The ‘Crossing Boundaries’ project proposes a contextualised, interdisciplinary approach to the written material produced by the highly literate ancient Egyptian community of Deir el-Medina. This community consisted of the workmen who built the royal tombs in the Valley of the Kings during the New Kingdom period (c. 1350–1000 BCE) as well as their families. The goal of the project is to enhance our understanding of the complex scribal practices that lay behind the texts produced by this community, and we aim to do this by studying a particular category of documents from Deir el-Medina kept at the Museo Egizio in Turin: the so-called ‘heterogeneous’ papyri.
These papyri bear texts that belong to various genres. They include accounts, poems, letters, and hymns and were written quite often over a long period of time. From a methodological point of view, we aim to cross the boundaries between disciplines as diverse as archaeology, papyrology, palaeography, prosopography, and textual scholarship. Taking advantage of digital technologies, we also aim to bridge the gap between traditional philology, digital humanities, and the field of cultural heritage.

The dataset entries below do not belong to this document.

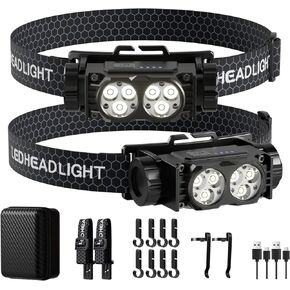 Headlamp Rechargeable 2PCS, 4500 Lumen Ultra-Light Bright LED Rechargeable Headlight with White Light, Waterproof Head Lamp with Headband for Outdoor Camping, Hiking, camping essentials,Working(Black)
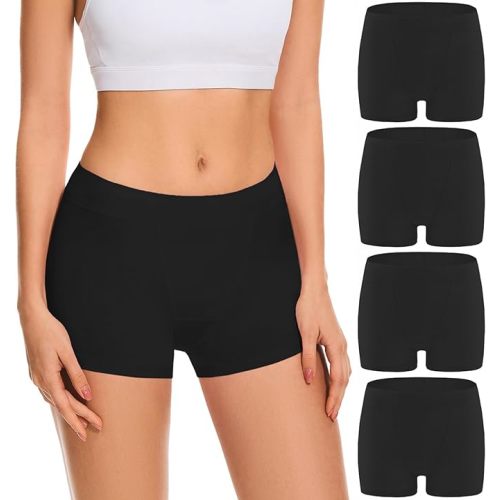 Boy Shorts Underwear for Women Cotton Panties Mid Waisted Boxer Briefs Breathable Underwear Multipack 4 Pack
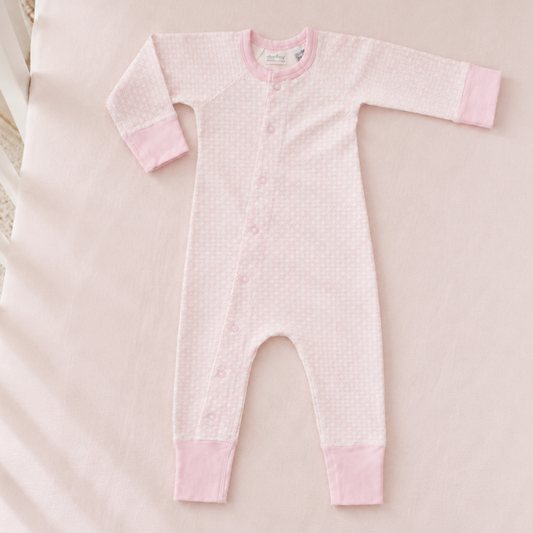 Pink Organic Cotton Baby Romper – 0–3 Months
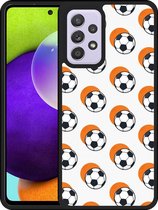 Hardcase Hoesje Geschikt voor Samsung Galaxy A52 Soccer Ball Orange Shadow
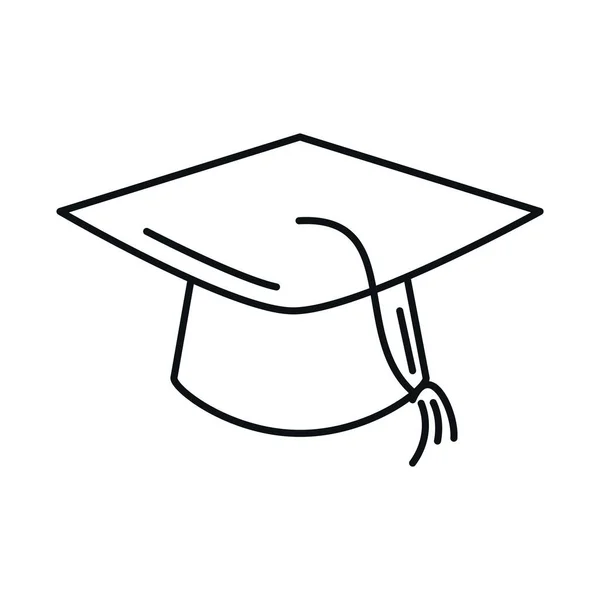 Επιστροφή στο σχολείο, αποφοίτηση καπέλο επιτυχία στοιχειώδη εκπαίδευση στυλ γραμμή εικονίδιο — Διανυσματικό Αρχείο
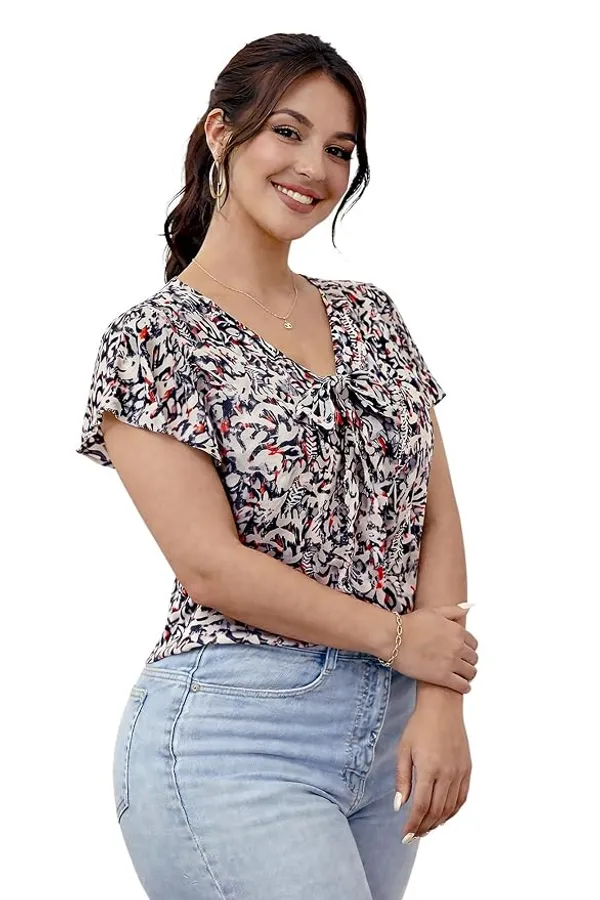 Women???s_Floral_Print_V-Neck_Top_with_Tie-Up_Bow_Detail_and_Ruffle_Sleeves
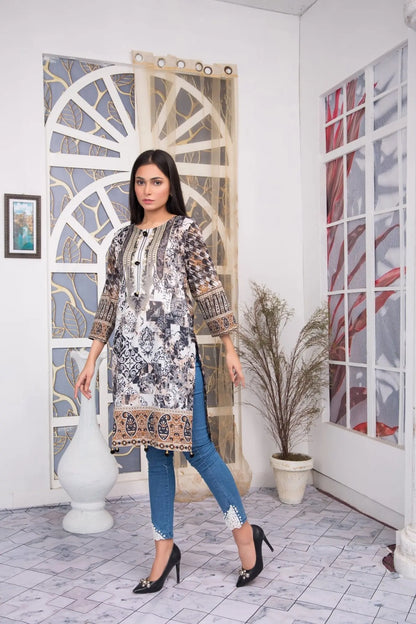 IshDeena Pakistani Kurtis for women Indian Style Cotton Tunics Womens Tops Printed B&W - IshDeena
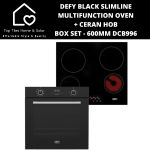 Defy Black Slimline Multifunction Oven + Ceran Hob Box Set - 600MM DCB996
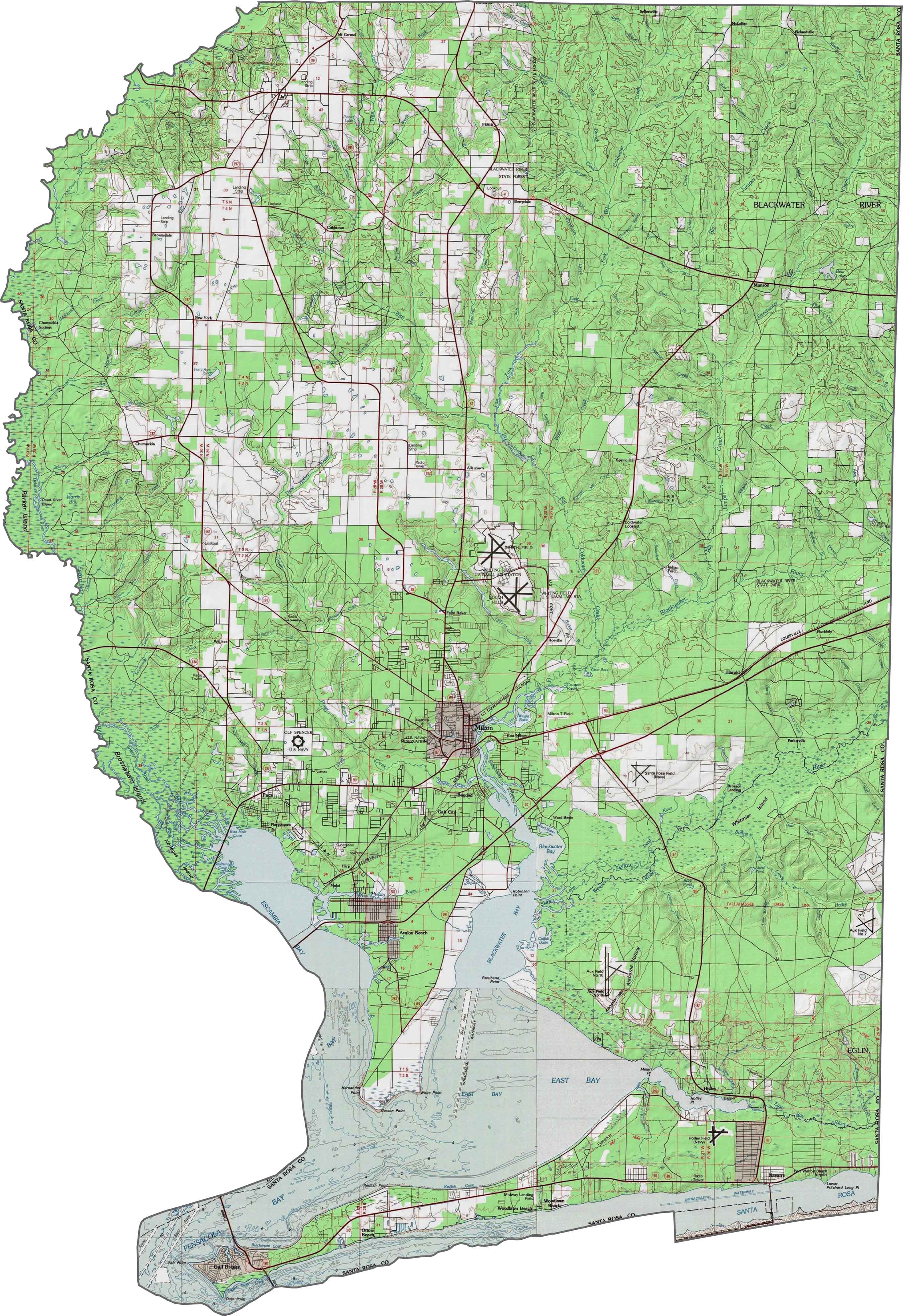 Santa Rosa Florida Map Zip Code Map Santa Rosa County Topographic Map Florida 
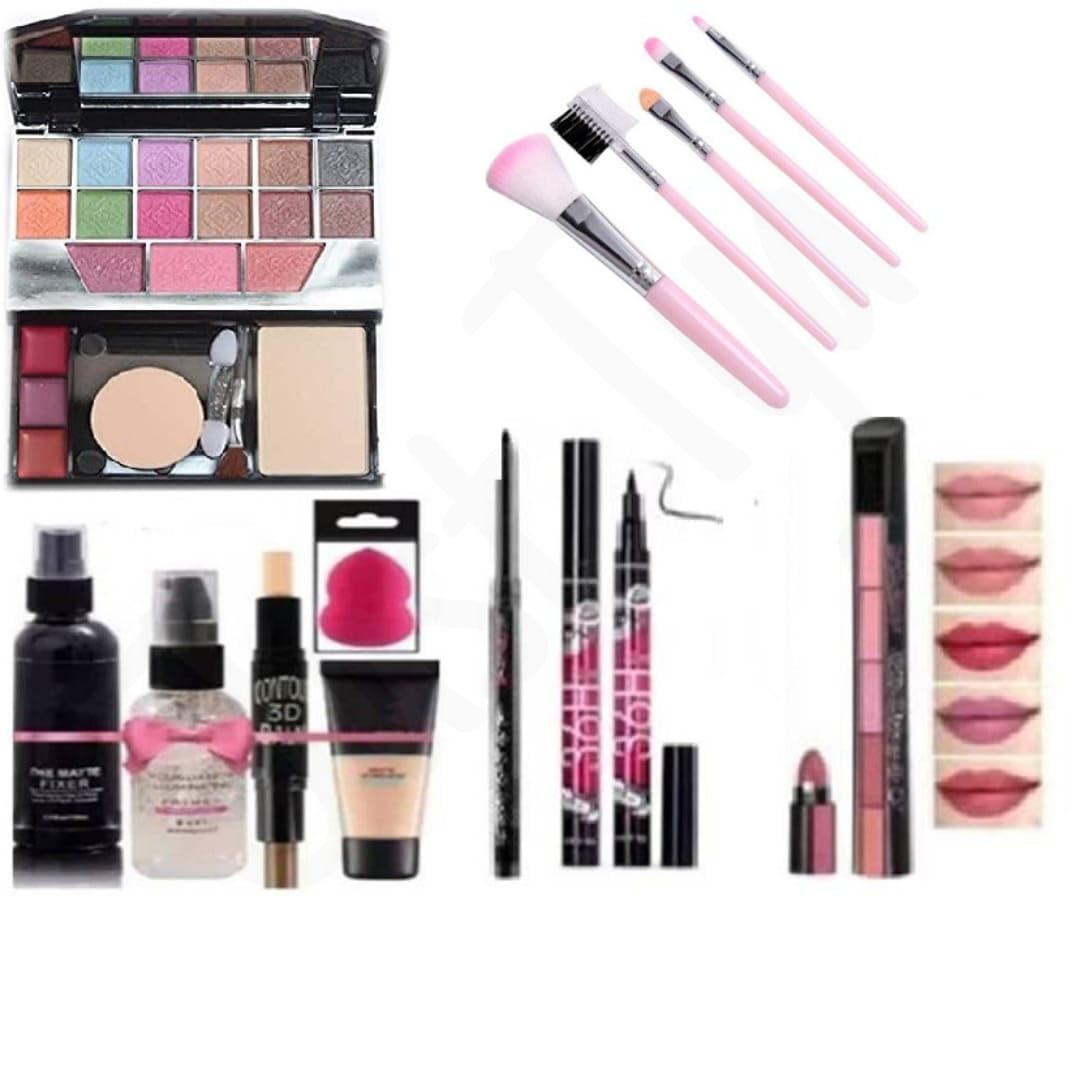JustTya Multicolour Professional 5024 Makeup Kit Set Pack of 14 Foundation, Primer, 5 Pink Makeup Brush, 1 Lipstick Combo Set, Contour, Fixer, 36H Kajal, 1 Beauty blander Brand: JustTya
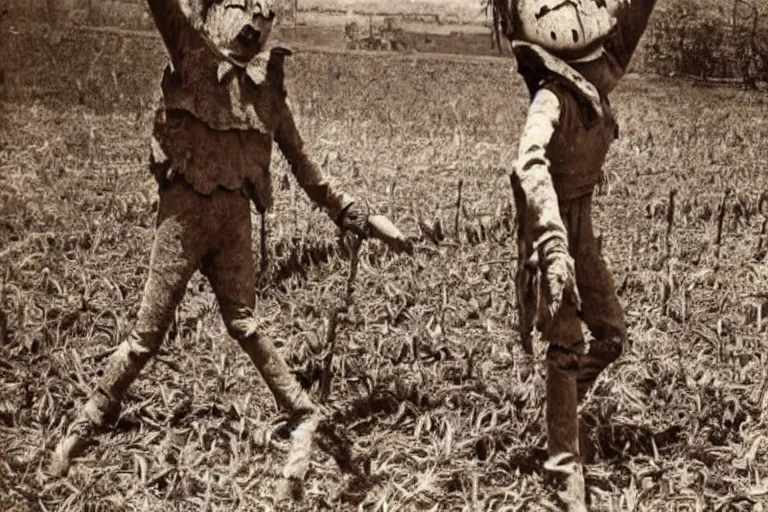 Image similar to disturbing scarecrow from the early 1 9 0 0's in a trancelike state in the burning cornfields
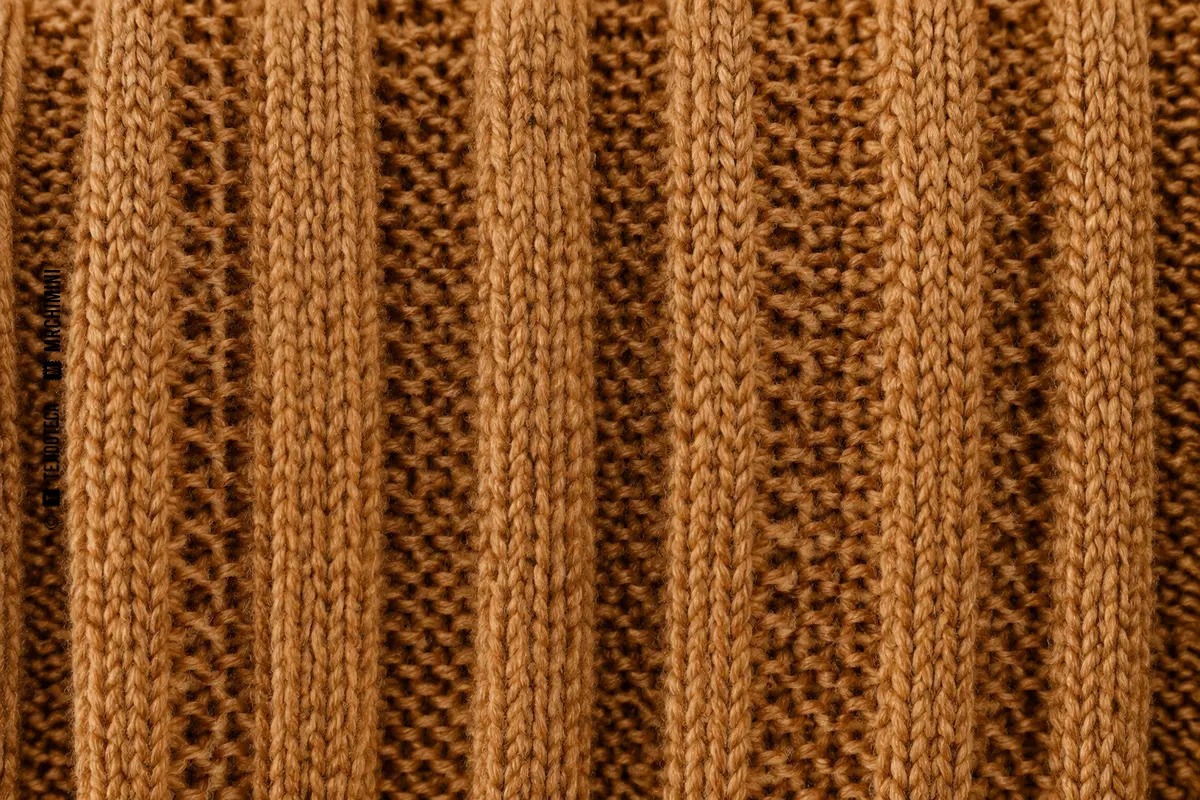 Macro de punto perlado color caramelo con costillas profundas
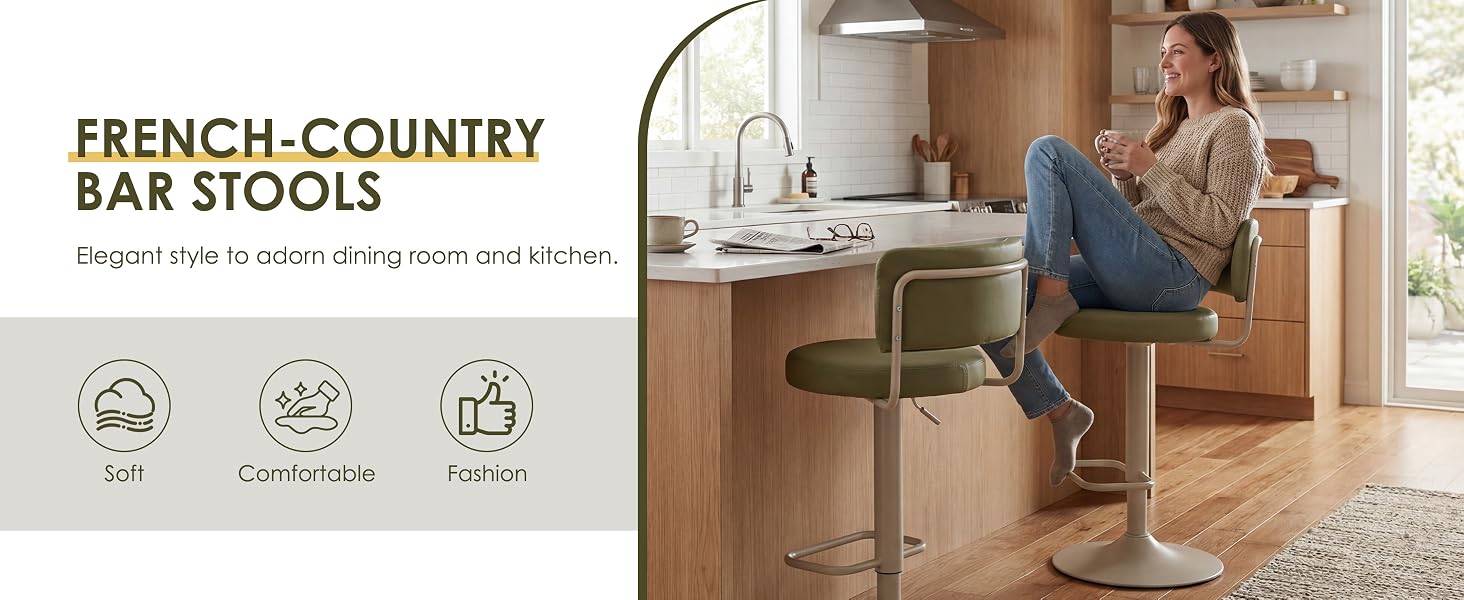 Text reads 'FRENCH-COUNTRY BAR STOOLS' with descriptive text below. Three wooden bar stools with woven rattan seats shown in kitchen setting with person seated.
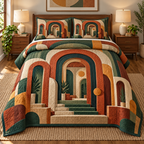 Midcentury Offset Archways Quilted Bedding Set with flat printed nested rounded portals, steps, ochre discs and potted-leaf details.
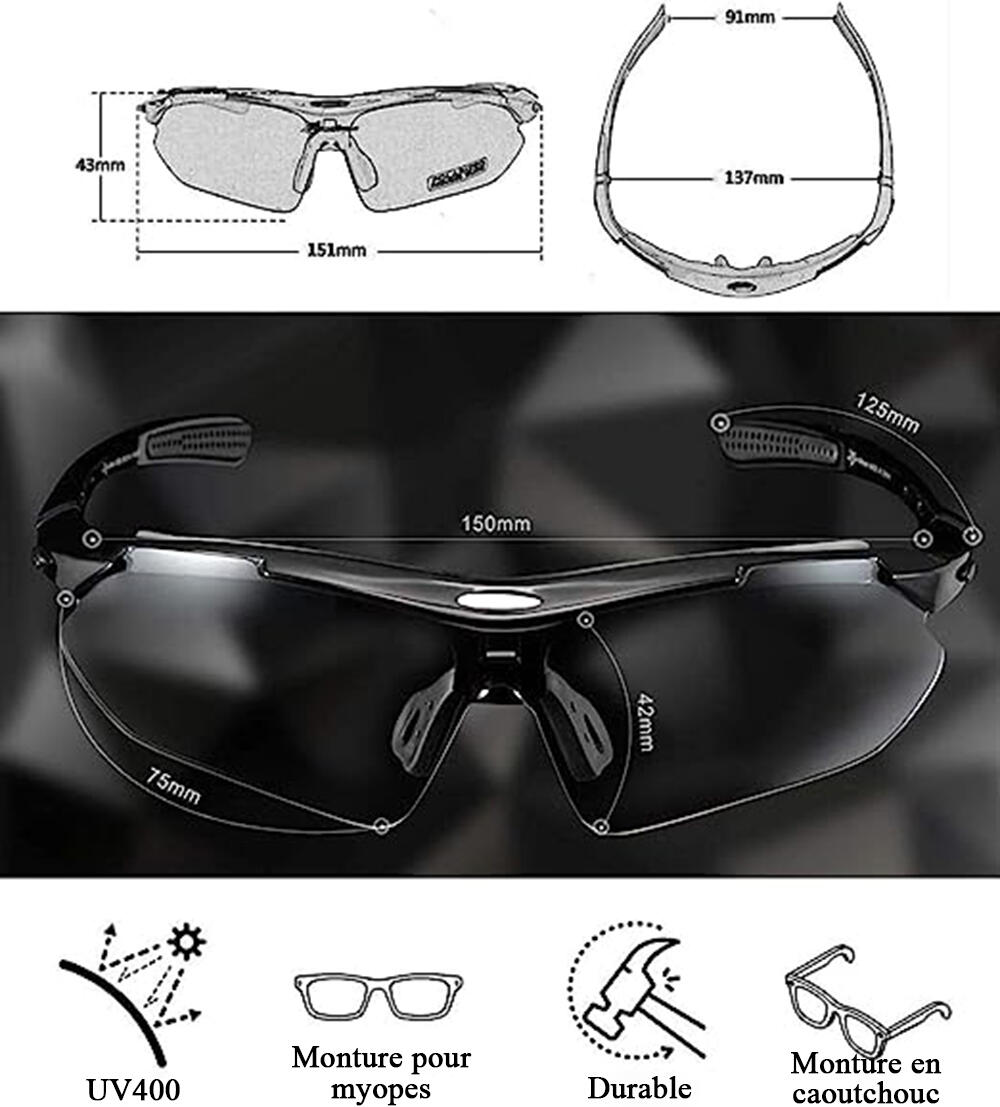 Lunettes de VTT Polarisées Lunette de Vélo avec 5 Verres Interchangeable Noir 3/8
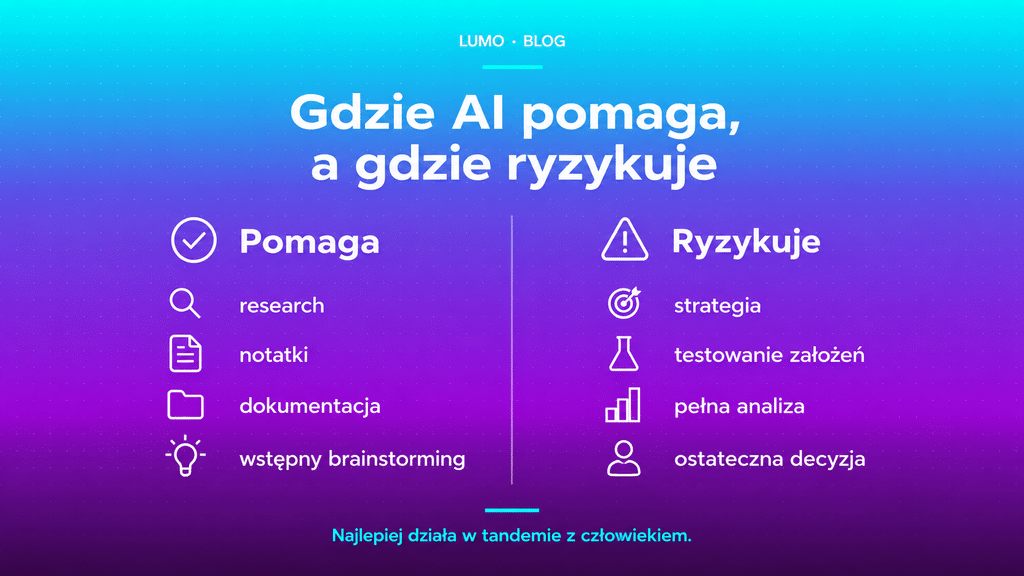 gdzie AI pomaga, a gdzie ryzykuje
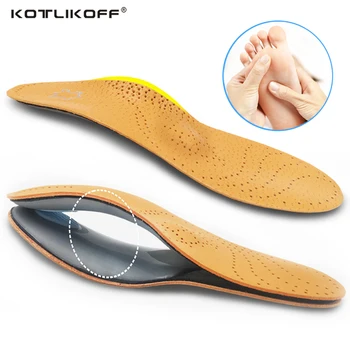 

Unisex Premium Leather Orthotic insole for Flat foot Shoe Insoles High Arch Support orthopedic Pad for Correction OX Leg Health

The basis of this project is the papyrological material in the Museo Egizio. The museum has joined forces with teams from the universities of Basel and Liège in order
(a) to consolidate and restore thousands of Ramesside papyrus fragments in the Turin collection;
(b) to document all the hieratic Ramesside papyri in the Turin Papyrus Online Platform (TPOP);
(c) to digitally reconstruct the original documents;
(d) to study the variety of textual genres attested on each papyrus, assess the number of hands behind these texts, and ultimately draw various generalisations about the history of these documents.
For more information, see the project website
The Museo Egizio has been developing its papyrus platform since 2017. To date, about 304 entries of Ramesside manuscripts containing a total of 1000 texts have been created. The 'Crossing Boundaries' project is providing financial support to employ a restorer who is taking care of the conservation and consolidation of the numerous undocumented fragments. About 9000 project-relevant fragments are going to be restored by the end of the 4-year project.
About 3600 fragments have been restored so far, and more than 2220 have already been uploaded in the Turin Papyrus Online Platform. These fragments will be visible at first only to the group of collaborators, but will be accessible in the TPOP from 2023 onwards.